Keywords

1 Introduction

Elasticity is the ability of a system to dynamically adapt to load variations, increasing or decreasing resources to meet performance and efficiency demands. There are several platforms, both in the public cloud and on-premises, that provide autoscaling functionality to implement elasticity. However, in some cases (e.g. Kubernetes) their approach is based on a reactive algorithm that can have difficulty anticipating and handling rapid and extreme changes in load.

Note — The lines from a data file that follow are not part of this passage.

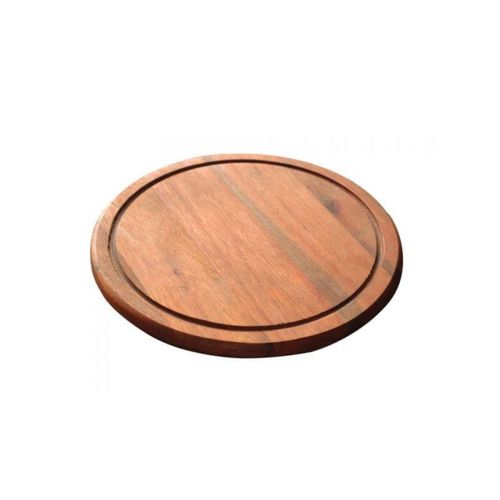Plato De Madera De 22 Cm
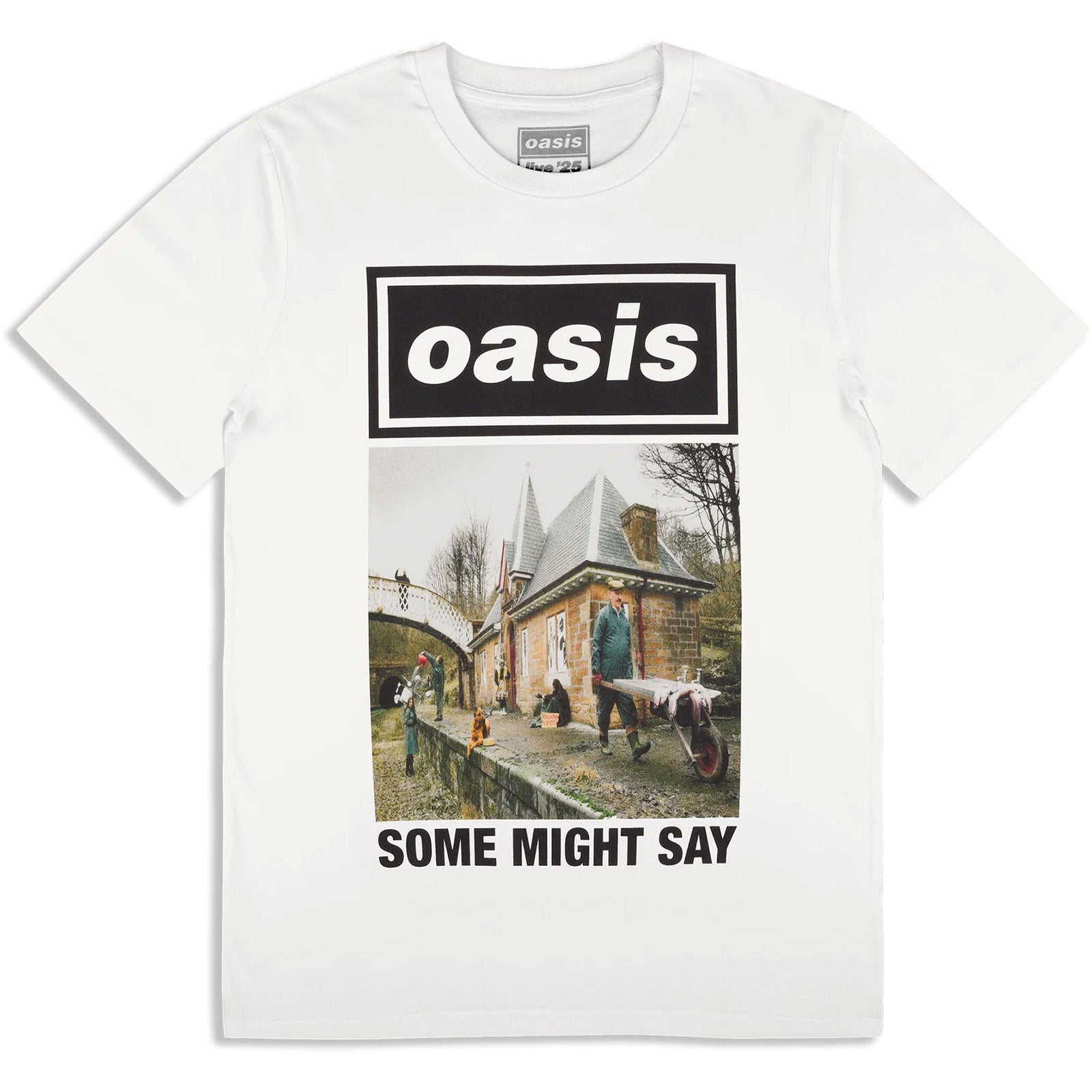 Some Might Say Single Cover T-shirt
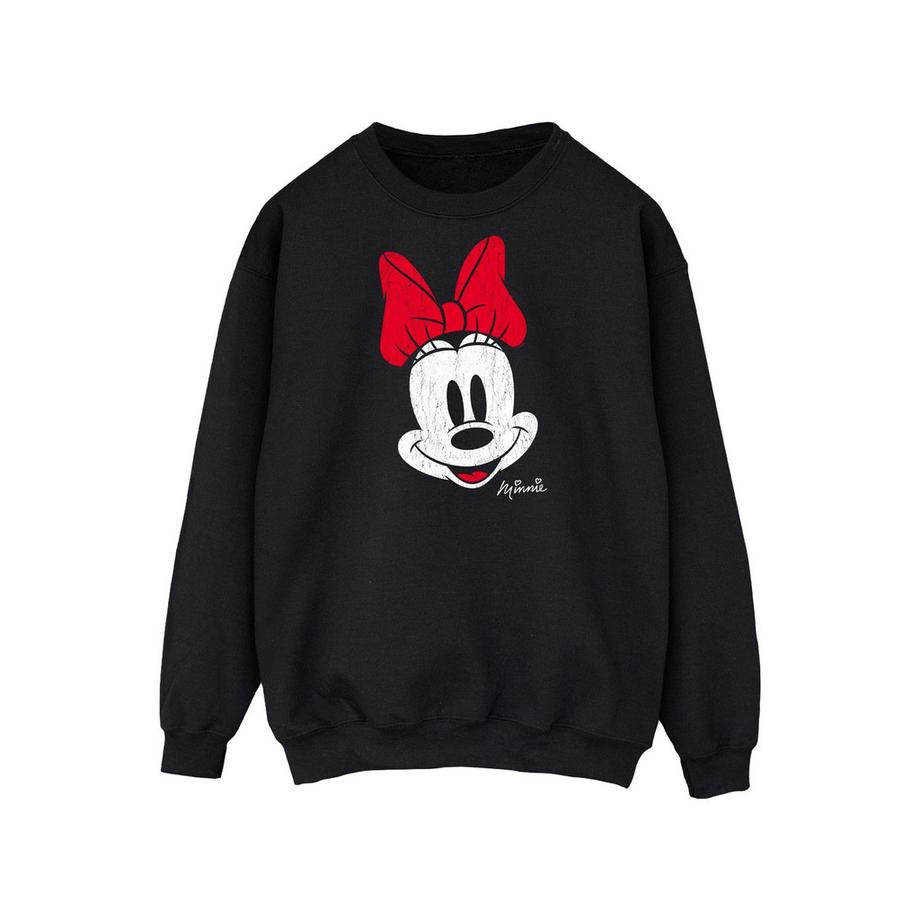 Disney Minnie Mouse Sweatshirt Imprimé Graphique  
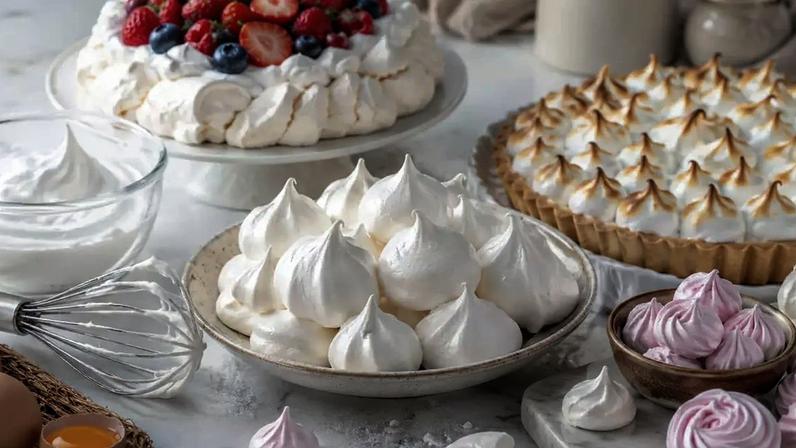 Merengue: o segredo que deixa sobremesas leves e atraentes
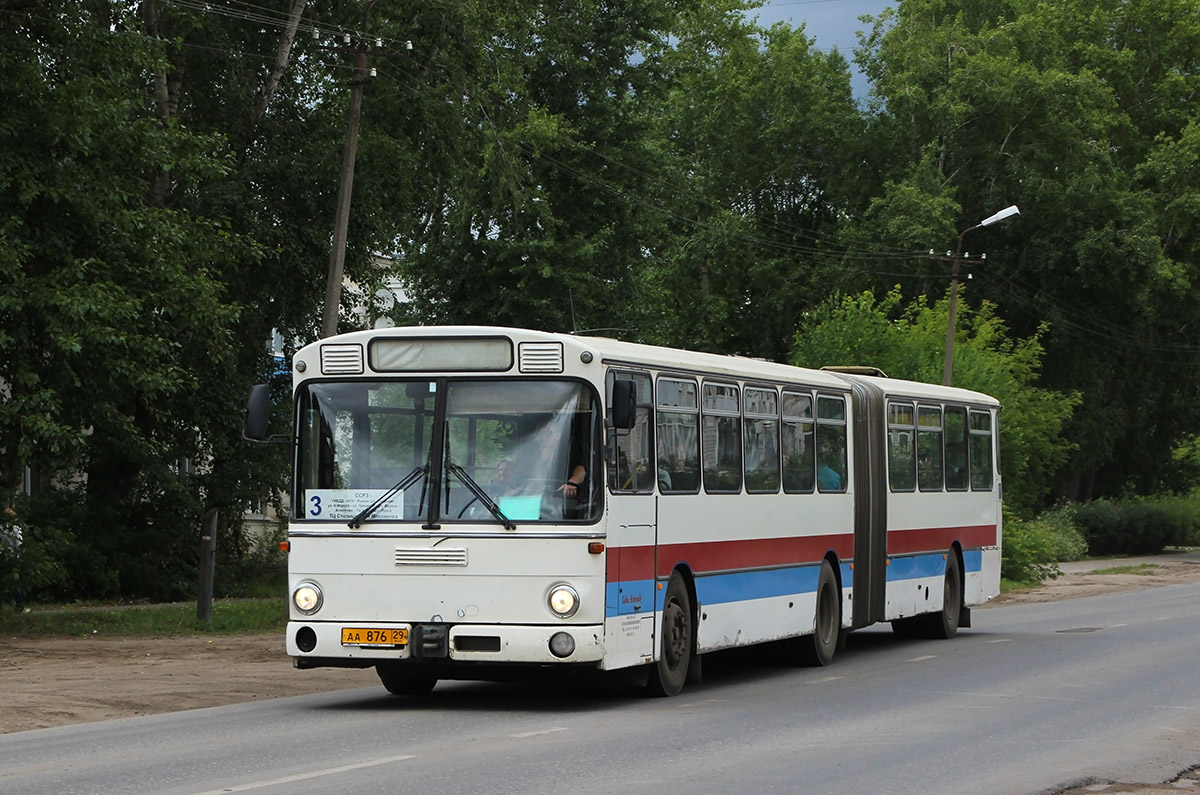 Архангельская область, Mercedes-Benz O305G № АА 876 29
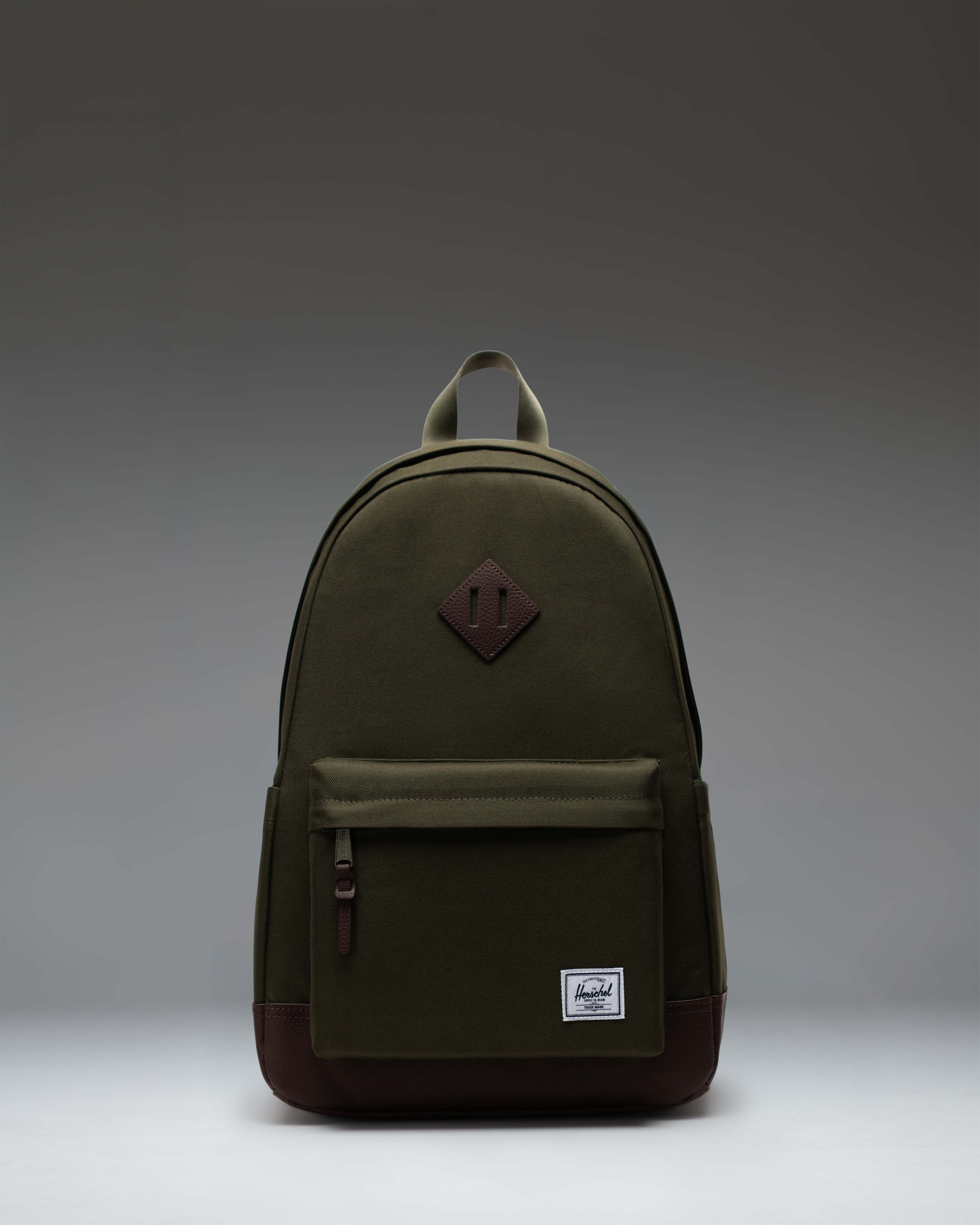 herschel-supply-heritage-backpack-sac-dos-classique-21-5-l-avec-pochette-pour-or image 5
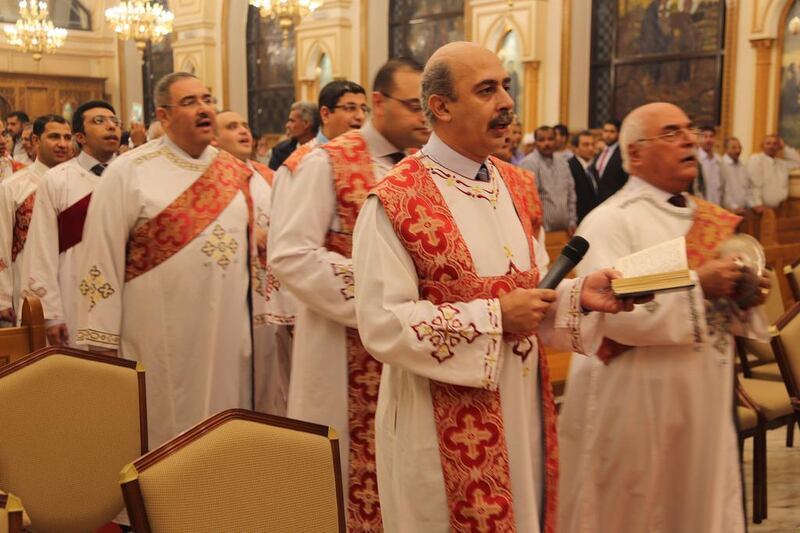 Copts in the UAE are mostly from Egypt. Out of 350,000 Egyptians in the UAE, about 30,000 are Copts.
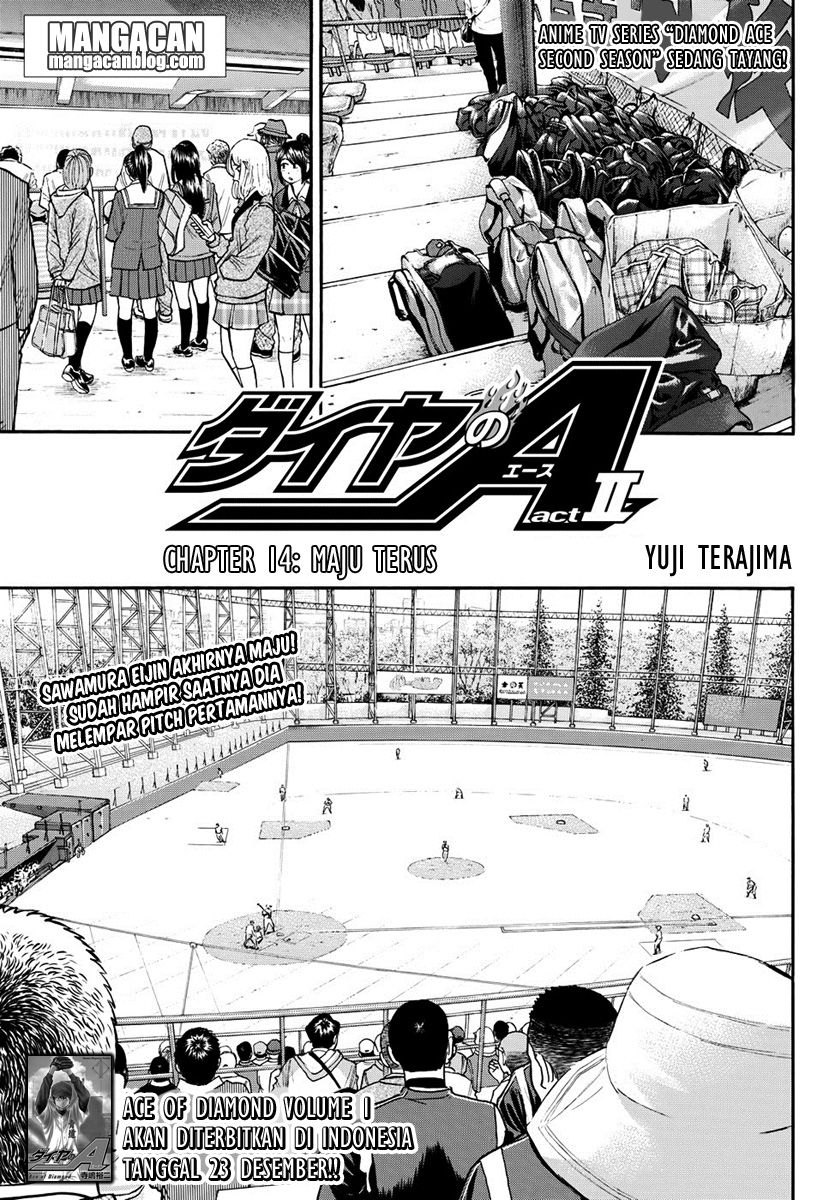 Komik Diamond no Ace Act 2 - Chapter 14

Rather than simply reacting to load changes after they occur, our approach aims to use the predictive capability of AI models to forecast load variations and proactively adapt system resources. The approach has the potential to improve the efficiency, performance and responsiveness under highly variable loading conditions. This paper will evaluate the use of supervised machine learning models such as logistic regression, decision trees and neural networks, as well as the unsupervised K-means strategy. This paper is structured as follows: Sects. 2 and 3 present the background and related works. Subsequently, in Sect. 4 we present the methodology used. Then in Sects. 5 and 6 we present the data collection and preparation process. Section 7 presents the results obtained. Section 8 shows the preliminary conclusions of the work.

2 Background

Before starting, it is important to introduce the concepts related to research.

As previously mentioned, elasticity is the ability of certain types of systems to automatically create or eliminate resources in order to adapt to varying load conditions. One of the ways to implement elasticity is by means of autoscaling or automatic scaling. There are two fundamental types of autoscaling. In reactive autoscaling, the system monitors current workload traffic or resource usage; when certain thresholds in performance metrics are reached, the system will then calculate and determine a suitable scaling decision. Proactive autoscaling uses sophisticated techniques to predict future resource demands. Based on these predictions the autoscaler decides to scale up or down according to a predetermined forecast.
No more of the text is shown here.